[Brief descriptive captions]
------------------------------------------------------------

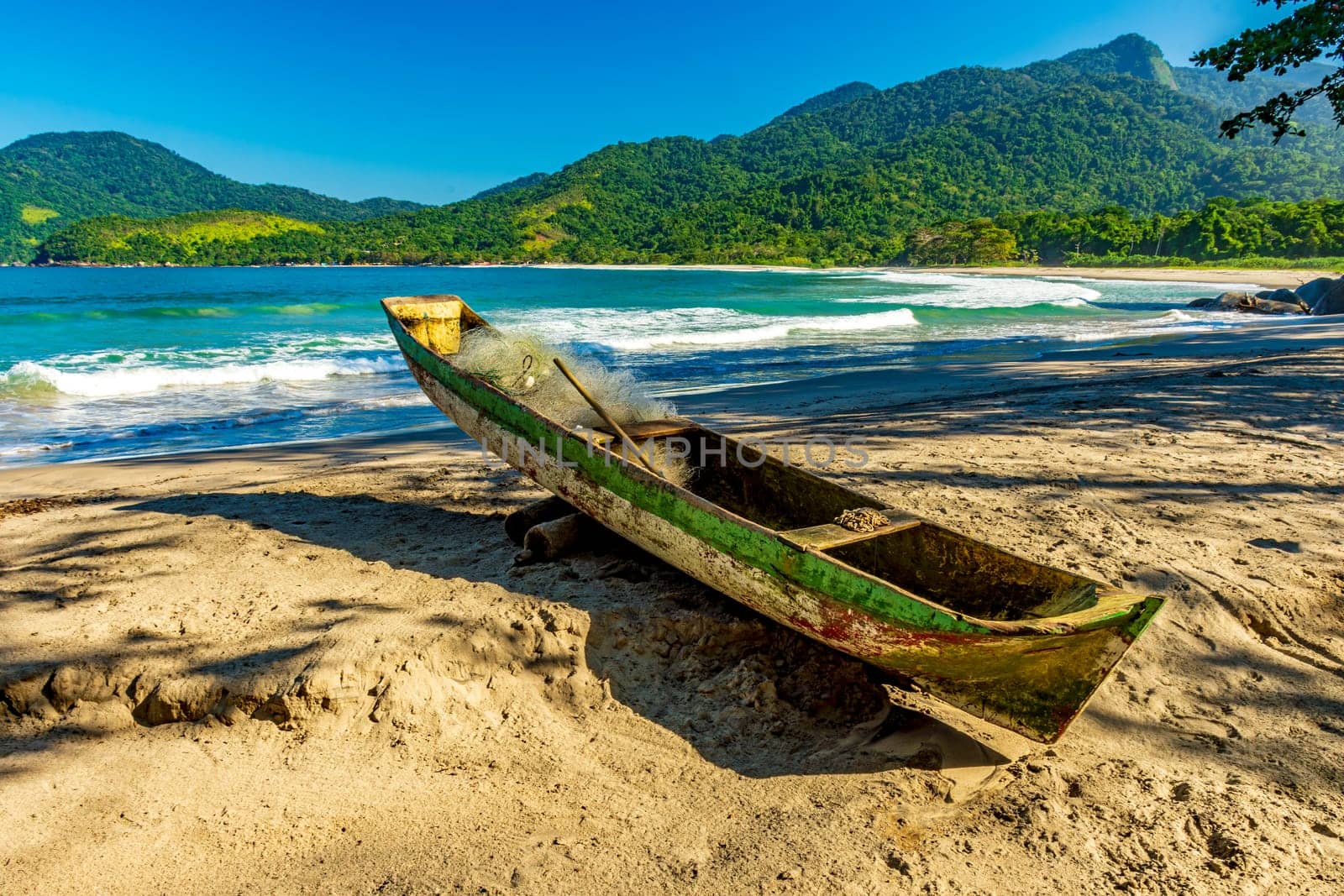 Primitive wooden fishing canoe on the sands of Castelhanos beach in Ilhabela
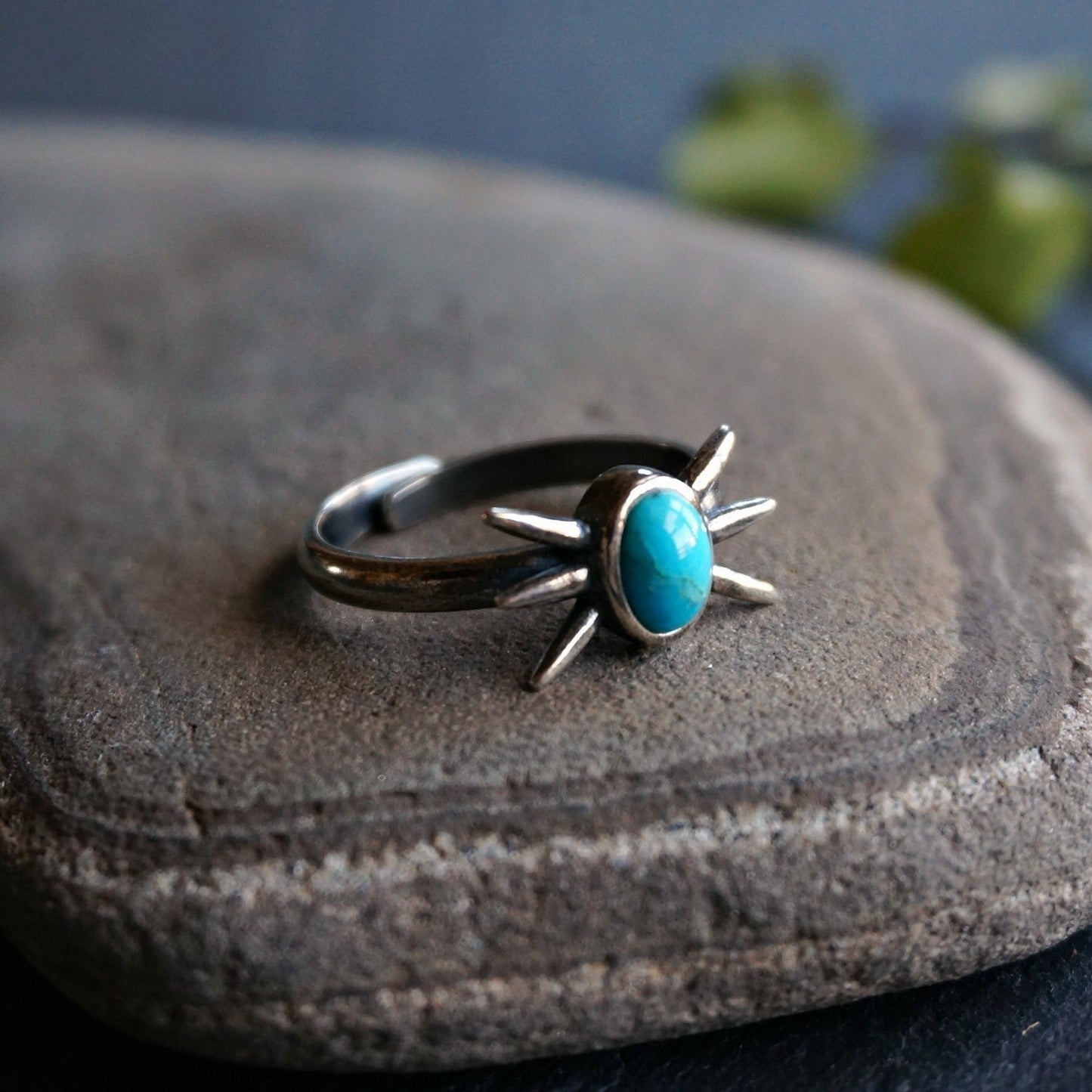 SOWELL JEWELRY Kanti ring featuring an oval turquoise stone set in darkened sterling silver with starburst prongs.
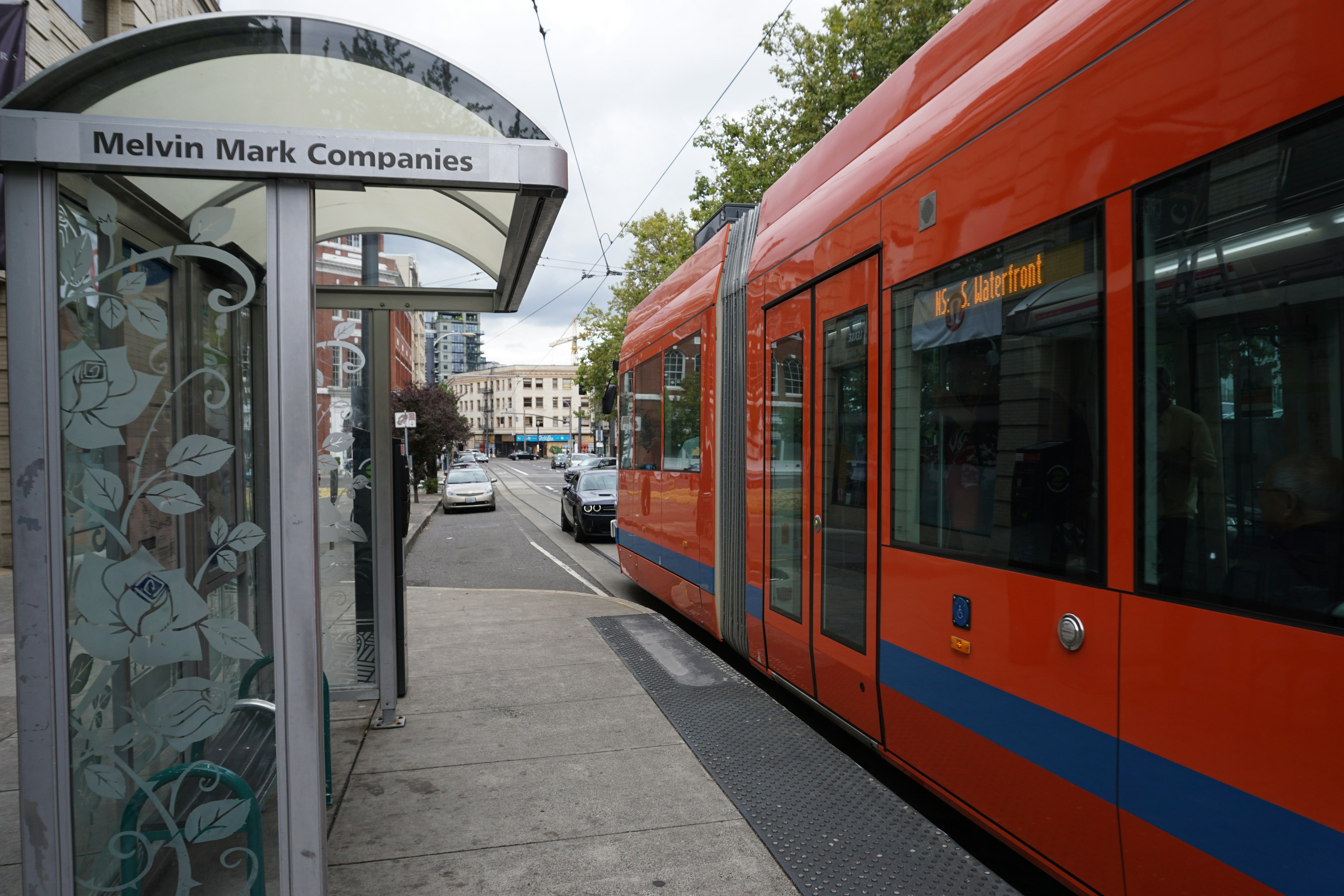 Arrêt de bus Melvin Mark Companies avec un tramway orange sur la rue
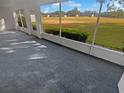 Relaxing screened porch overlooking a lush green landscape at 6844 Northlake Dr, Zephyrhills, FL 33542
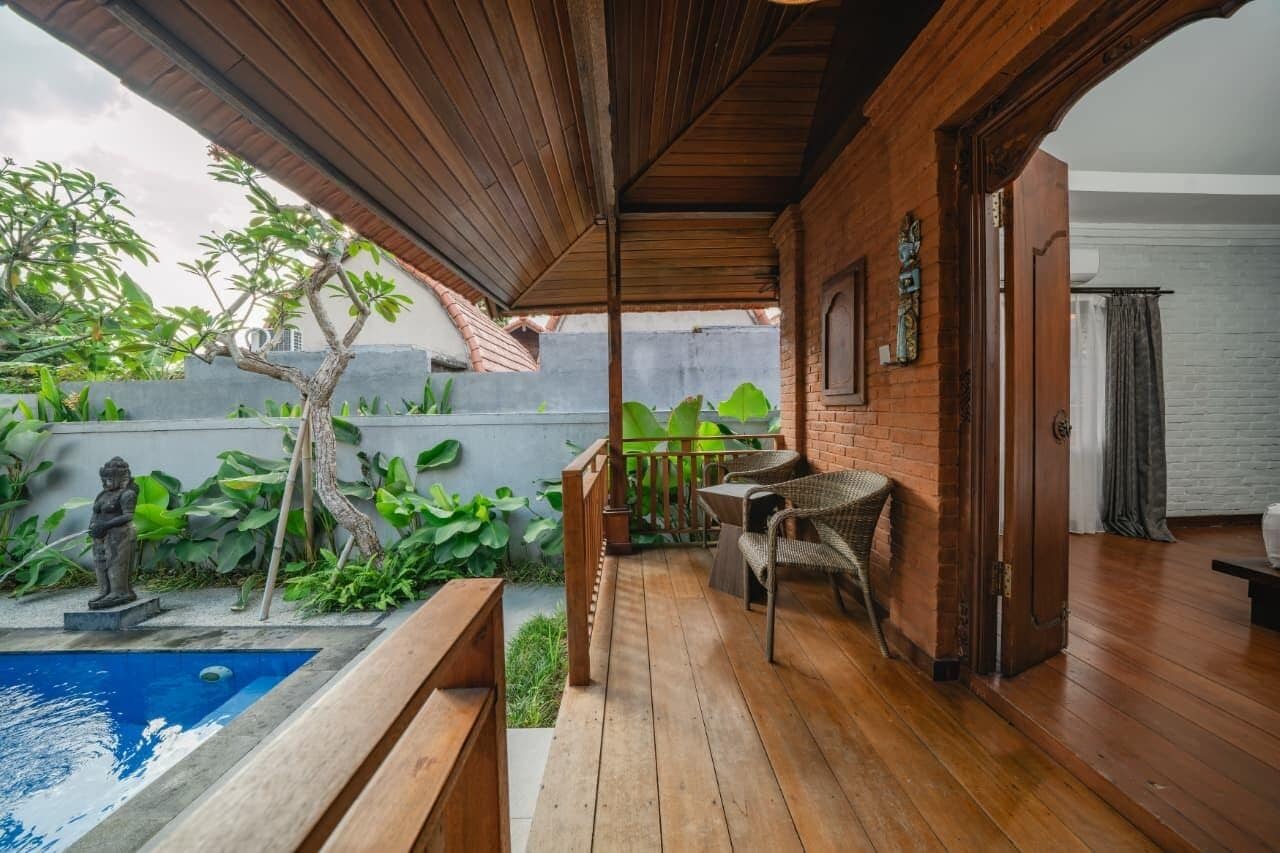 A wooden deck with a pool, outdoor furniture, and a statue.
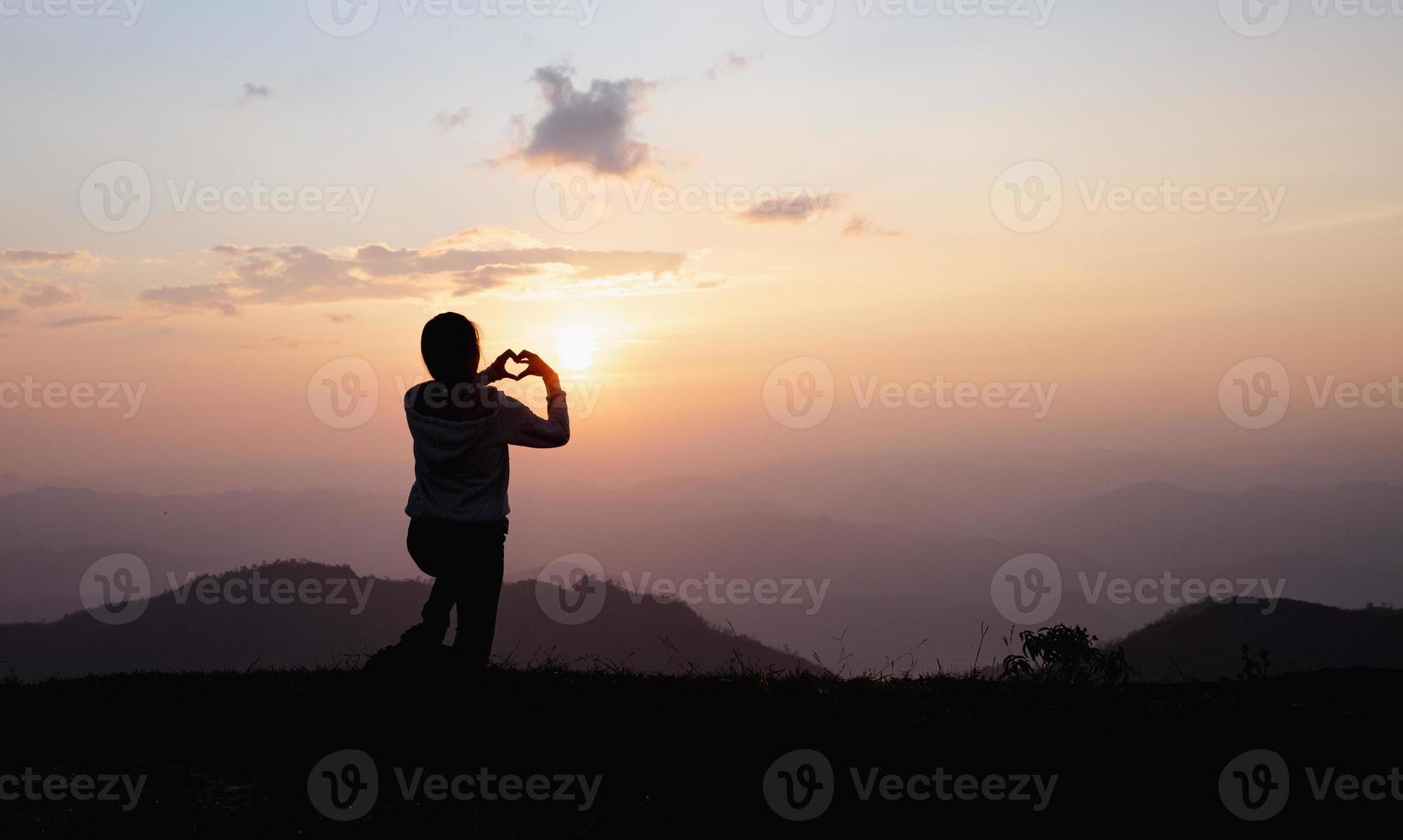 Hands in shape of love heart, Female hands in the form of heart against the sky pass sun beams. Happy  in love. photo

------------------------------------------------------------

EXERCISE:
Leave out the pictures, and write out exactly the lines from the line containing "Relaxing screened porch" through the end of the records above.

OUTPUT:
 Relaxing screened porch overlooking a lush green landscape at 6844 Northlake Dr, Zephyrhills, FL 33542
 A wooden deck with a pool, outdoor furniture, and a statue.
 Hands in shape of love heart, Female hands in the form of heart against the sky pass sun beams. Happy  in love. photo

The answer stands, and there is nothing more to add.